With this I don’t see a clear way to define hyperparameters over the dataset without some boilerplate to combine the search space dictionaries it also wouldn’t work for more dynamic configurations where the dot path to the hyperparameter may not be known ahead of time (no actual use cases for this at the moment however so may be over thinking it)

Ideally I just want to be able to define the search space directly where it will be used and then tune looks through the config for tunable hyperparameters and transparently replaces the search space definition with the suggested value.

eg rnn.yaml would turn into something like

model:
  type: rnn
  config:
    layers: 3
    in_features: null 
    out_features: null
    hidden_features:
      __tuneparameter__: true
      type: int
      bounds:
        min: 4
        max: 9
        
lr:
  __tuneparameter__: true
  type: double
  bounds:
    max: 0.01
    min: 0.000001

From your proposal I am not really sure I understand what is happening that is different from how it currently works, there may be some disconnect as I have only used the sigopt suggester though

Ok, this sounds more like the second alternative. Basically here we would use load_hydra_config to parse the yaml files and construct the search space (and the constant parameters). Does that make sense?

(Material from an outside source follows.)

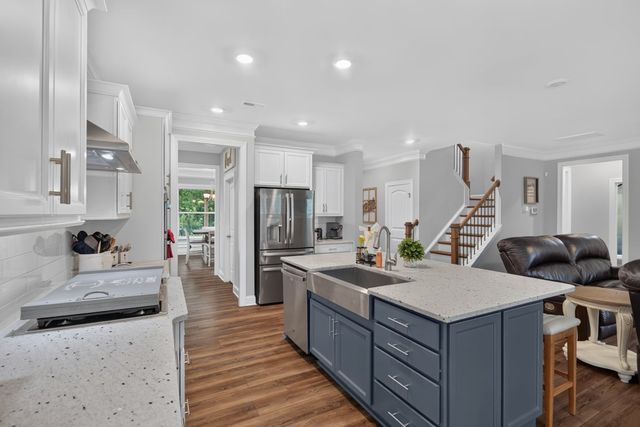 8320 Running Fern Way, Willow Springs, NC 27592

In the tuning function, would you be ok with accessing your parameters with config["experiment]["lr"] etc, or would you prefer the hydra-style cfg.experiment.lr? And would this be a hard requirement or is it mostly about defining and parsing the config for you?

I do think it’s best to keep to using hydra (OmegaConf really) style access, IMO it looks cleaner but I don’t think this is a functional requirement.

One difficulty I think that may be encountered is the unstandardised ways that suggesters have of defining their search spaces. I am not sure how your proposal handles this (eg. the suggester would already be initialised by the time you run the load_hydra_config function).

And fwiw my project currently looks more like this

@hydra.main(...)
def main(config: OmegaConf):
    # do stuff to setup the train and tune
    
    tune.run(train, ....)

def train(config):
    # do stuff to setup and run train
    model = hydra.utils.instantiate(model)
    dataset = hydra.utils.instantiate(dataset)
    train_model(model, dataset)

So variable access is kind of implicit anyway with hydra.utils.instantiate

Ah interesting! So if Tune were able to parse an OmegaConf object into a tune-compatible config that would work for you?

Then we wouldn’t even need a load_hydra_config anymore, we could just auto-detect OmegaConf and convert from there.

+1 on this idea, I have implemented something very similar to this but with just regular yaml configs, not hydra. It would be amazing to have this functionality come out of the box with hydra usage.